Pelas nossas mãos passaram memórias diversas, cartas sobretudo, para ler dia 23. O Ernesto de Sousa era uma fonte, falar dele exige rédeas na escolha dos elementos a tratar, pois a sua multidisciplinaridade, fluxo de ideias e diversidade nas expressões de arte facilmente nos mergulha num labirinto. Vou tentar concentrar-me então, neste artigo, na carta de António José Saraiva, aqui reproduzida em fotografia e passada a Word por Isabel Alves. Carta de 1961, muitos anos antes das portas abertas à explosão das vanguardas, que pela primeira vez se apresentaria aos olhos espantados dos portugueses, em 1977, com a «Alternativa Zero».

Ernesto de Sousa dedicou anos a estudar a arte popular, alentando nomes como o de Rosa Ramalho, Quintino Vilas Boas Neto e Franklin Vilas Boas. Em 1964, foi curador, na Livraria Divulgação (Lisboa, Maio–Junho), de uma exposição em que apresentou obras destes artistas. Integrava-se a exposição no ciclo de Etnologia e Cultura Popular organizado pelas Secções Culturais das Associações de Estudantes. Pertence a este evento o seu texto Barristas e Imaginários.

Tejolo romano usado na construção das colunas.

Em geral, os escultores populares também são santeiros, como foi o caso mais falado por Ernesto de Sousa de Franklin Vilas Boas. Porém, creio que anteriormente, já o Ernesto tomara contacto direto e profundo com a arte das catedrais, num périplo pela Península Ibérica, durante o qual catalogou, desenhou e fotografou inúmeros espécimes de arte sacra. ES não se aproxima destes temas de maneira especializada, pelo contrário, ele é uma inteligência interdisciplinar. De resto, contra a especialização, dizia-se ele com ironia um especialista de ideias gerais. Só a título de curiosidade, apresento a foto de um objeto bem pesado que me acompanha desde os anos 80, por mim recolhido em Tróia, na praia, entre outros resíduos romanos da antiga vila piscatória de Setóbriga, por ocasião de um passeio com Isabel Alves e Ernesto de Sousa. É um tejolo triangular, usado, segundo o meu amigo ES, na construção das colunas. Na sua casa de Janas, em Sintra, recordo-me de ver um esboço de coluna cilíndrica, formado pela sobreposição de vários desses tejolos. Parecem de barro, alguma argila hão de conter, pelo tom ferruginoso. Material idêntico ao usado pelos barristas.

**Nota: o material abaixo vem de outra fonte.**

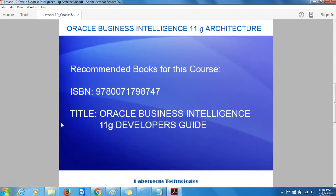Now that we've reached the end of the introduction to Oracle Business Intelligence and its architecture, there is one book I recommend everyone taking this course should get. The ISBN number is 978-0-07-179874-7, and the book title is Oracle Business Intelligence 11G Developer's Guide — with the extended subtitle: Build and Deploy Secure High-Performance Dashboards and Reports. This book was published by Oracle Press and written by Mark Rittman of Rittman Mead Consulting.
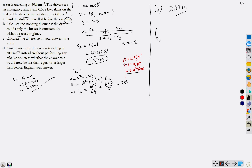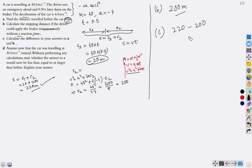For part c, we calculate the difference between answers a and b: 220 − 200 = 20 meters.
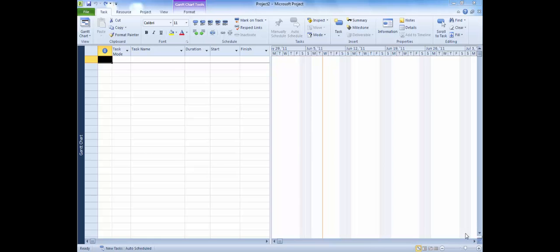Microsoft Project schedules tasks based on several variables. In this module, we will demonstrate how to set two of those variables. We will enter a project start date and choose the default task type. We will demonstrate that entering these two variables is essential before entering any task data.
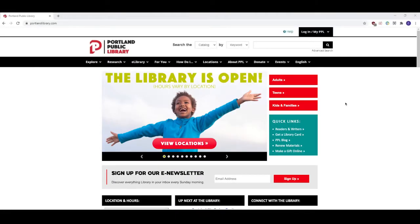Hello, welcome to this video tutorial. Today I'm going to show you how to request a book through the Portland Public Library website.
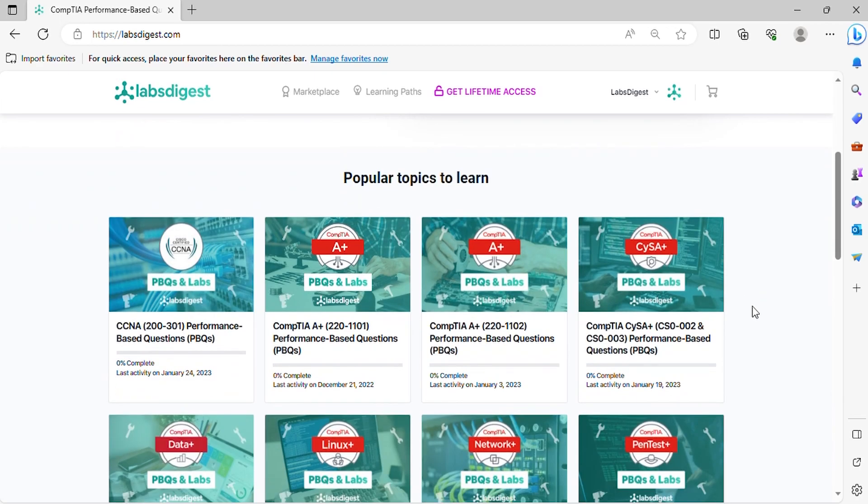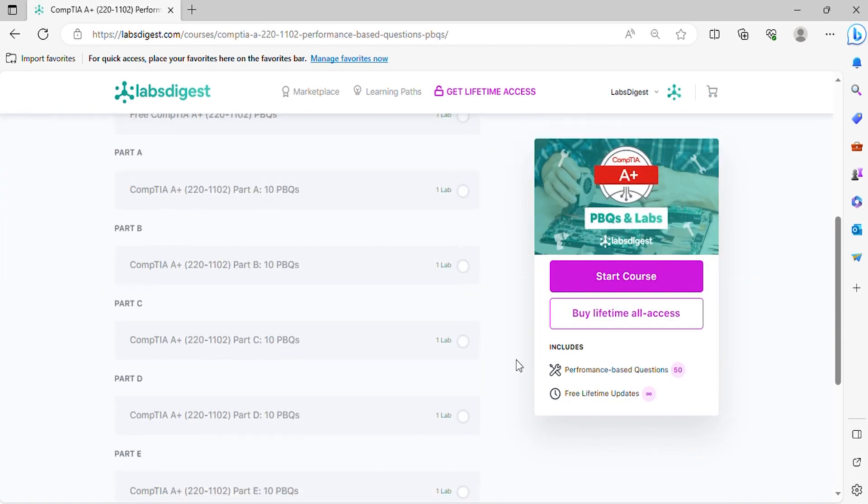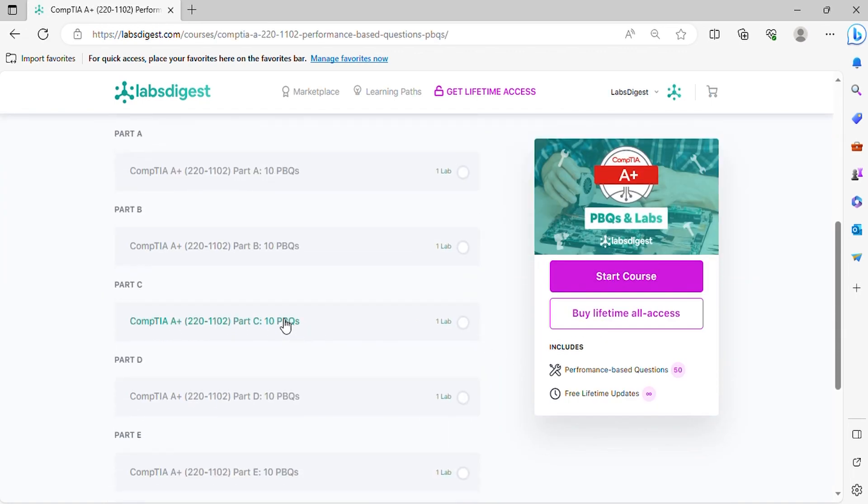Welcome to our friendly guide to conquering CompTIA A plus performance-based questions. Here, we simplify complex performance-based questions and set you on the path to certification success.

Em suma, é com uma cabeça sem barreiras disciplinares, capaz de não se incomodar com a presença da não-arte entre a arte, pacífica quanto à anti-arte, e a todas as desconstruções e paradoxos da vanguarda, que funcionava e ainda funciona Ernesto de Sousa. Aliás, basta atentar no apreço que demonstra pelos santeiros e barristas, para verificarmos o quanto ele era avesso a preconceitos, por vezes referidos como pré-conceitos, à maneira das exposições intituladas «Pré-texto». Ele não alude apenas a um antes da conceção, também chama a atenção para a mesquinhez do pensamento num Portugal ainda amodorrado nas estéticas passadistas.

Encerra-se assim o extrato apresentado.